* _Instructions for the task_
The task for the listing below is to write out exactly the lines starting at the one containing "Wildwood: A Journey" and ending at the one containing "华为云域名续费:简单几步轻松搞定", both included. Pictures are to be omitted.

* _Material for this exercise_
* * *
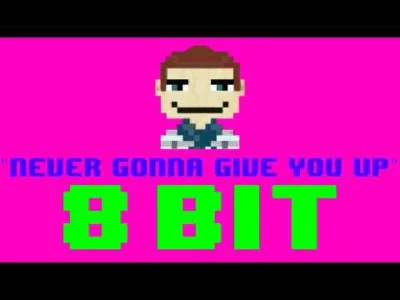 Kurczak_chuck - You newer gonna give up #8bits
* * *
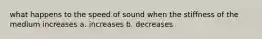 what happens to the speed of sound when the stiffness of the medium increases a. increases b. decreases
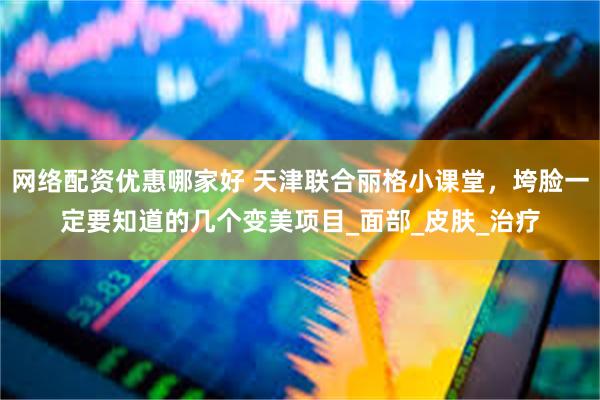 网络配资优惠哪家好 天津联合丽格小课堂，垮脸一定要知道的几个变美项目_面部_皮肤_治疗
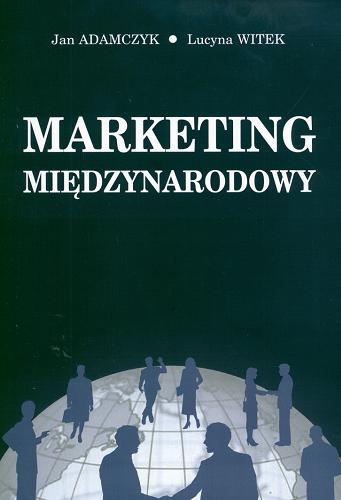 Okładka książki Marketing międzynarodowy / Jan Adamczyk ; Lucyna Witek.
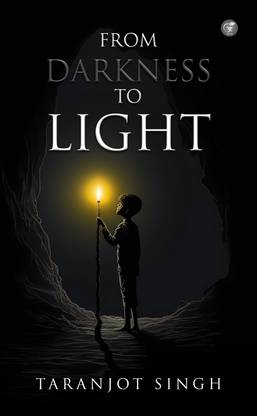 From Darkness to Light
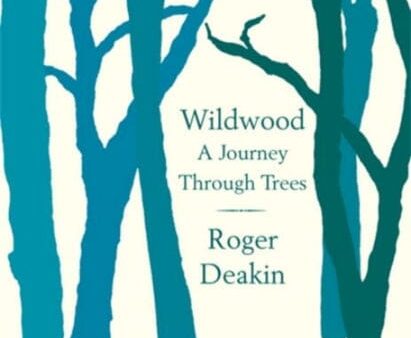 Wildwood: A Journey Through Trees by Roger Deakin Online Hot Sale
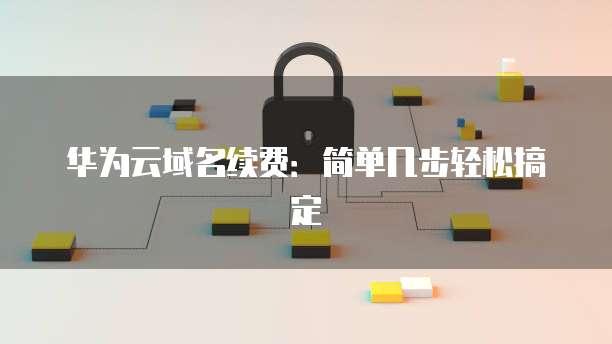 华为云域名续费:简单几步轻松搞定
* * *
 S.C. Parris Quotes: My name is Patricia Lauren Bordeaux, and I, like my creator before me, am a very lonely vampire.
* * *
* _Result for this exercise_
 Wildwood: A Journey Through Trees by Roger Deakin Online Hot Sale
 华为云域名续费:简单几步轻松搞定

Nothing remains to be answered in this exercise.